Employ peer mediators. Peer mediation is a positive behavior intervention that has worked well for us. School counselors train student volunteers to mediate incidents involving their peers. For example, a peer might intercede in a situation where two students were referred to the office for using inappropriate language during an argument. At this age, it helps students to have someone who understands where they’re coming from—someone who can relate to them and give them positive feedback. Sometimes kids come up with ideas to solve problems that adults wouldn’t think of.

Have fun with creative rewards. Our students earn “Bulldog bucks,” paper money with a picture of our school mascot, as a reward for positive behavior, like picking up somebody’s books in the hallway or helping another student solve a thorny math problem. All students have to do is follow our Respect School, Self, and Others motto. Bus drivers hand out three dollars for good behavior on the bus. Substitute teachers hand out two dollar bills to students who follow directions, help others, and show respect and responsibility. Teachers and other staff members hand out one dollar bills. When students earn enough money, they can shop in the “Dog Pound” (our school store), where they can buy everything from school supplies to apparel, like hats and tee shirts. Ninety percent of the items in the store are donated by parents, while the rest of the merchandise comes from PBIS grant money. Sixth and seventh graders love shopping in the Dog Pound, but we had to up the ante for older students, who use their Bulldog bucks to get into the Dog Pound Café, during lunch.  The Café is an eighth grade hangout with Wii, air hockey, a variety of board games and puzzles, couches, chairs, and a flat screen TV—all from donated funds.

Lynne Harrison

Lynn Harrison

Match students with mentors. We have a year-long mentoring program for kids who are struggling behaviorally or academically. Grade-level team leaders match students with educators who volunteer to monitor and work with a particular student. If the student and teacher already have a great relationship, students are more likely to work hard for their mentor and strive to improve their behavior or grades. Members of Redland’s Instructional Leadership Team also work with mentees after school once a month to support academic achievements as well as build personal relationships. In addition, Redland runs a chapter of Courageous Young Men, a program that nurtures young men academically, socially, and emotionally.

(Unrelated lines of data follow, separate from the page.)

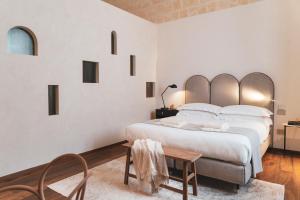 a white bedroom with a large bed and a table at Palazzo Fontana B&B e SPA in Gravina in Puglia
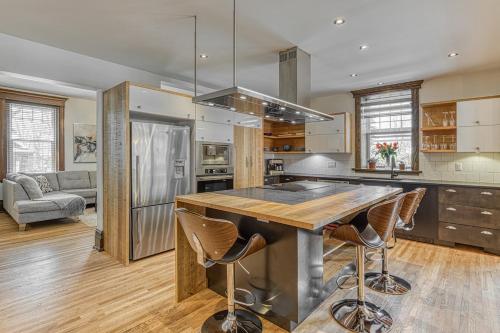 a kitchen with a large island with bar stools at Le Manoir des Braves - Piscine in Quebec City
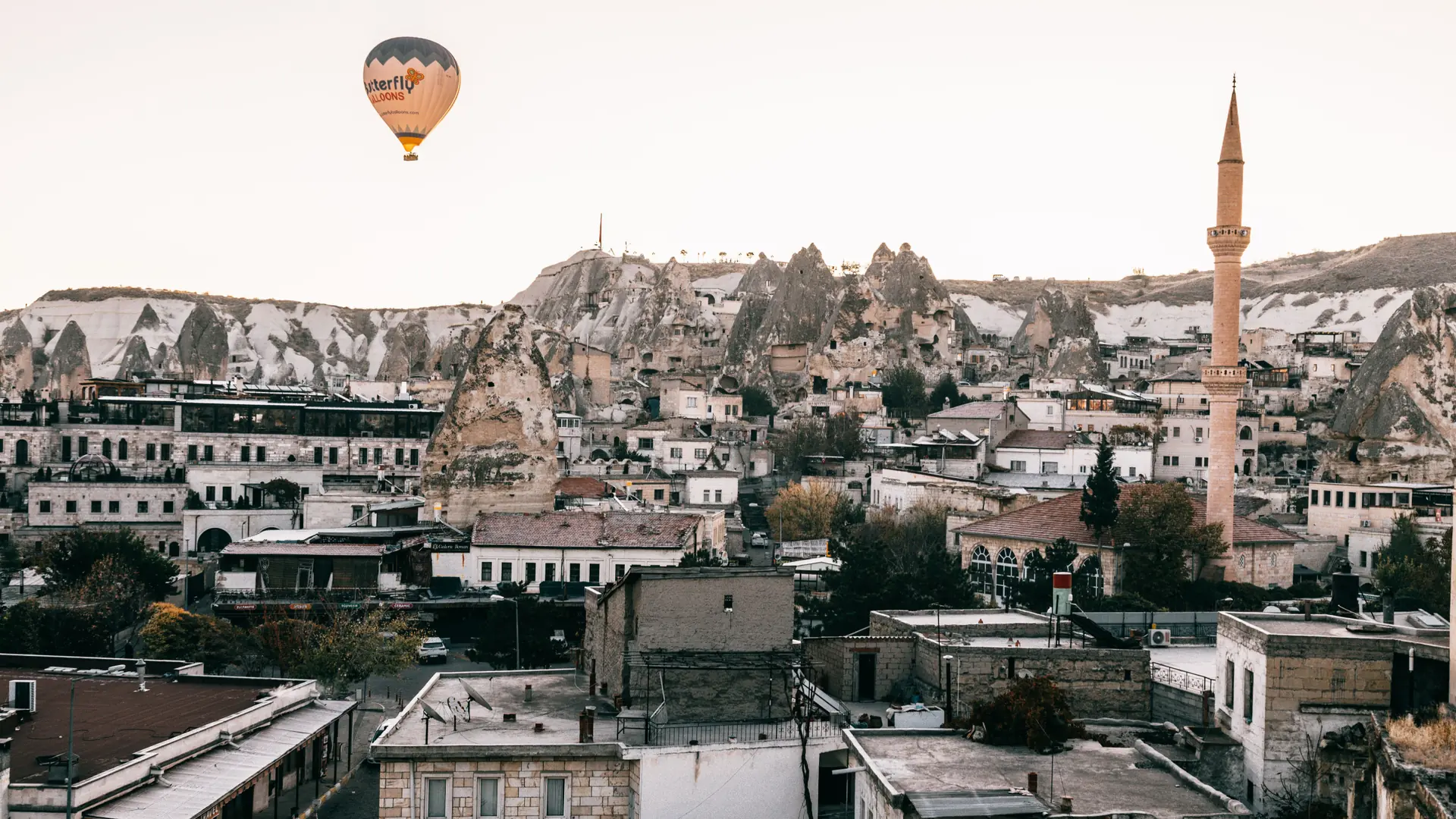 Göreme village among fairy chimneys with balloons in the sunlit sky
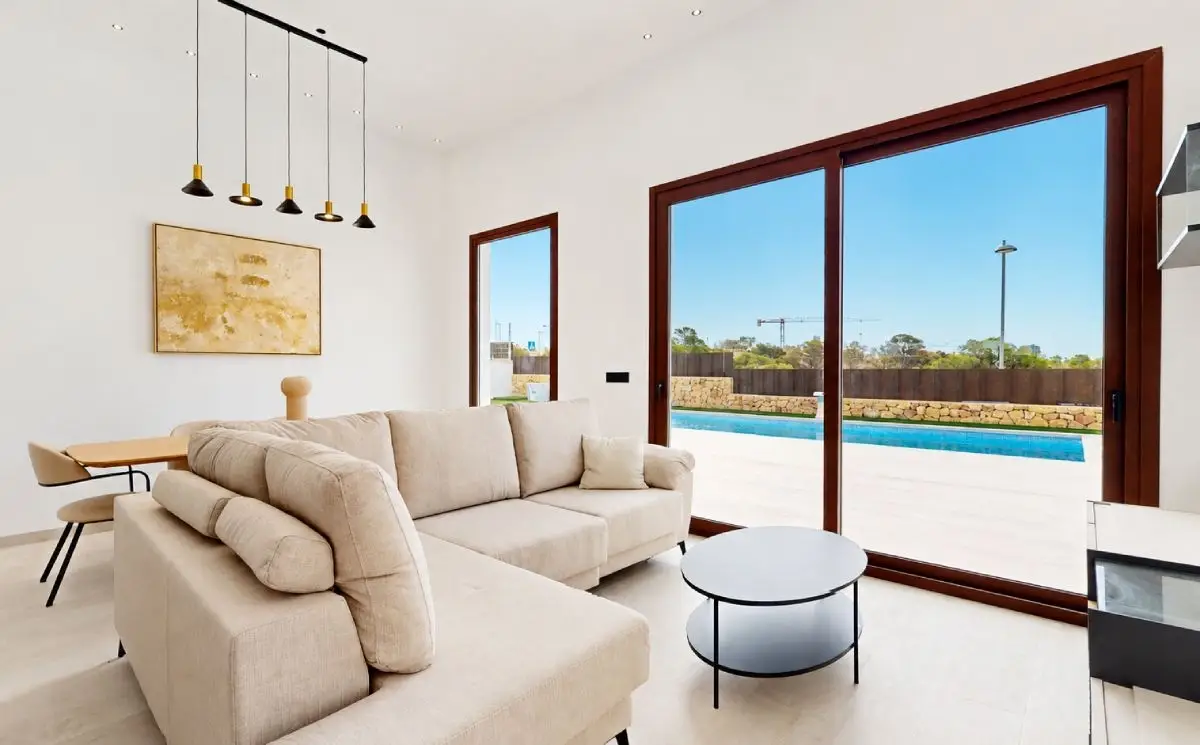 Salón moderno y luminoso de una vivienda inteligente con grandes ventanales y vistas a la piscina en la Costa Blanca.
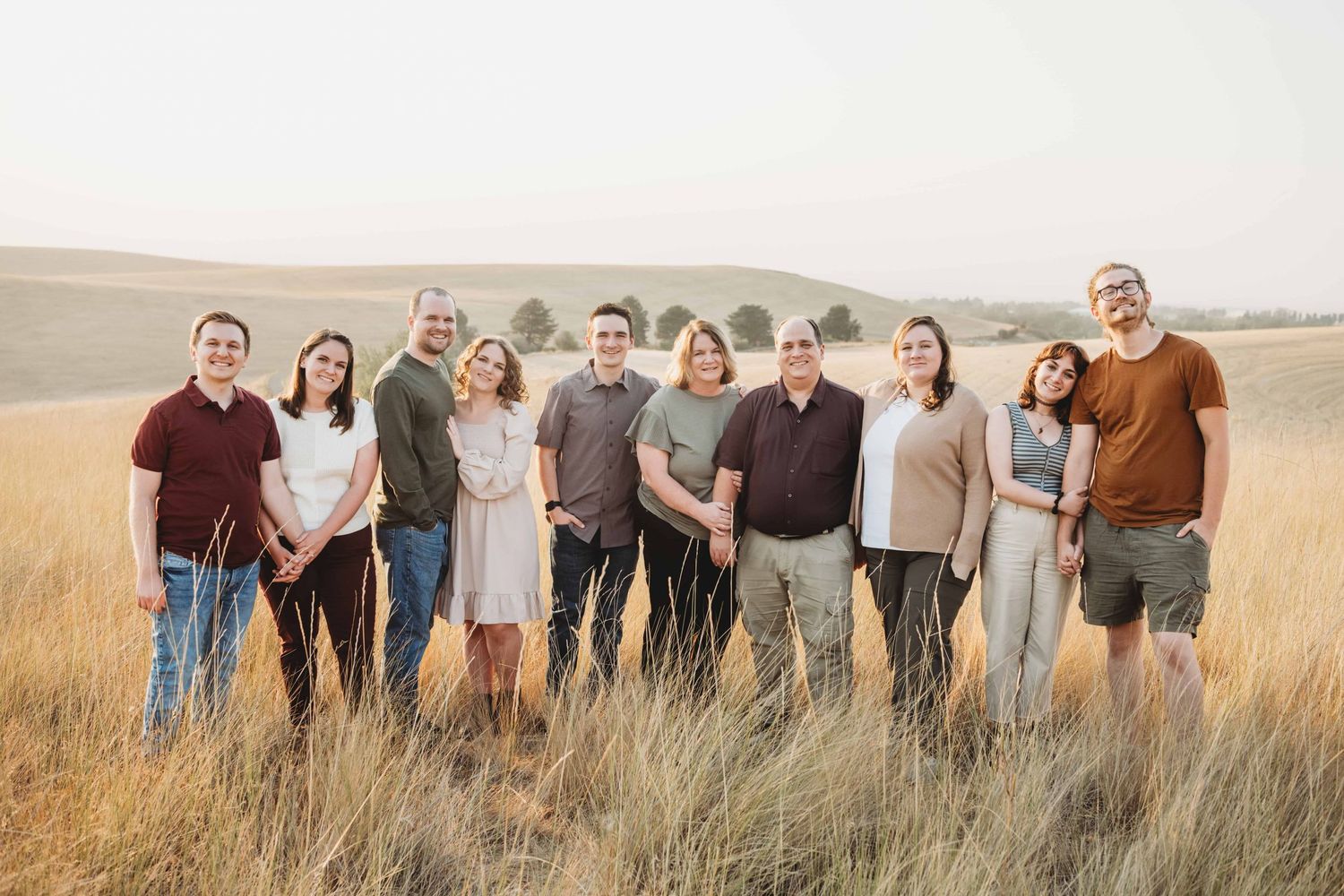 An extended family portrait of a family of ten standing in a golden field with rolling hills in the background.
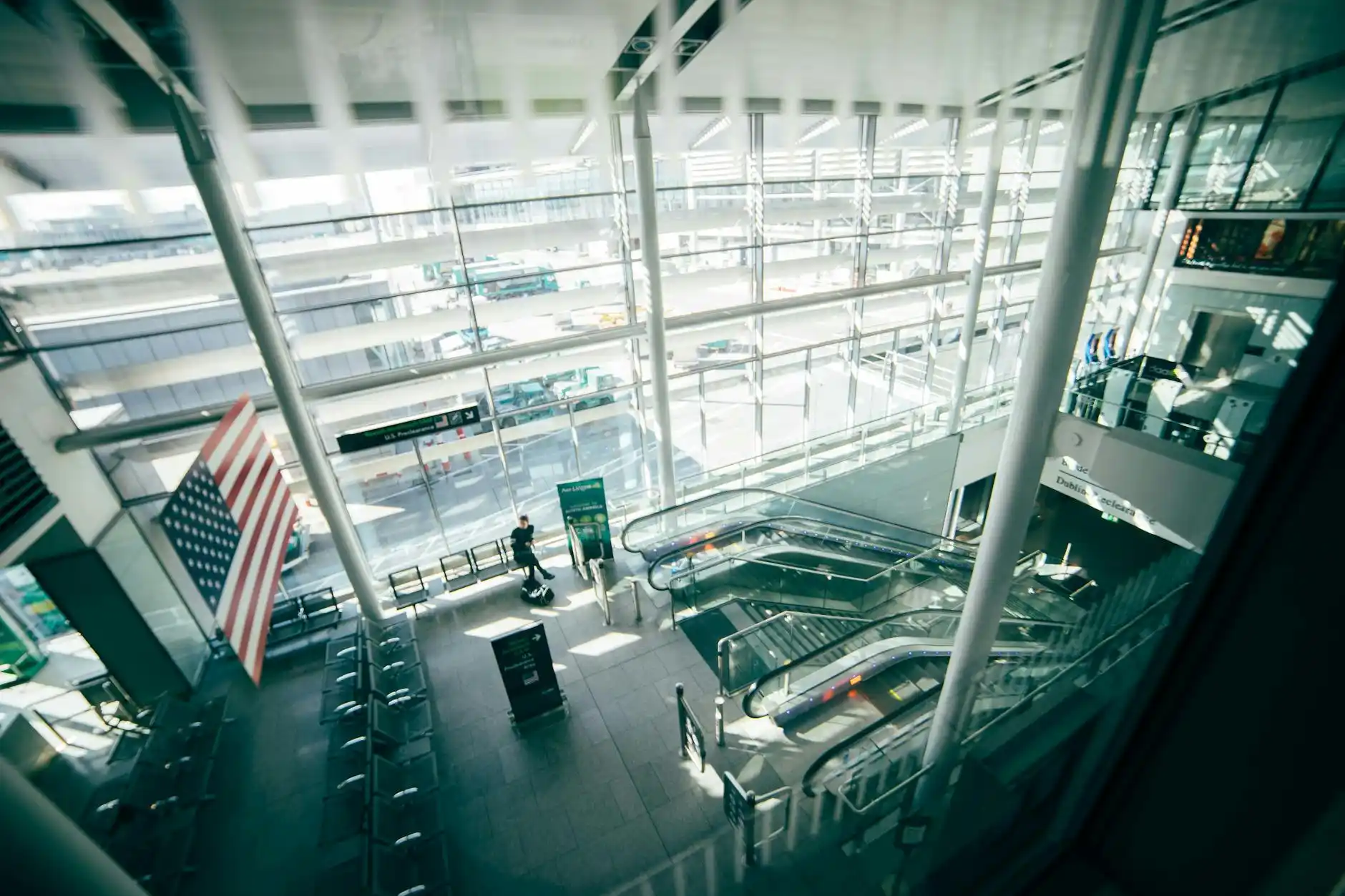 chauffeur loading suitcases into a luxury SUV at SeaTac airport arrivals, travelers in smart casual clothing, terminal glass facade, realistic rainy Seattle setting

Get student input on behavior contracts. Customized behavior contracts help keep some students on track. Rather than a long laundry list, contracts consist of just two to three goals that the students help to identify. If a student is an English Language Learner or receives special education services, we also get input from the educators in that department.

Teach social and emotional skills. Students have a 20-minute advisory period class each day after third period. Weekly lessons center on learning social and emotional skills, such as friendship, bullying, and conflict resolution and academic skills, such as organizing and good study habits. Each month, the lessons highlight a theme: one month, respect; the next month, responsibility; and the next, caring. During the other four days of advisory period, students can sign out and go see another teacher for extra help or work on their own work during that class period.

Work through minor incidents. Teachers are taught the difference between what warrants an MIR (minor incident report) and what warrants an automatic referral. When a student misbehaves, we file an MIR and follow a series of steps to address the issue. The first time a student doesn’t follow the code of Redland Respect, the teacher gives the student a warning and records the incident in MyMCPS, a web-based data tool that’s a one-stop portal for staff. The second time the teacher might have lunch with the student and perhaps notify the parents, as well as documenting the incident in MyMCPS. The third step is the same as the second. If there’s a fourth incident, the student is referred to our office administrators who meet with the student and phone home. If needed, we make mental health services referrals for students and parents.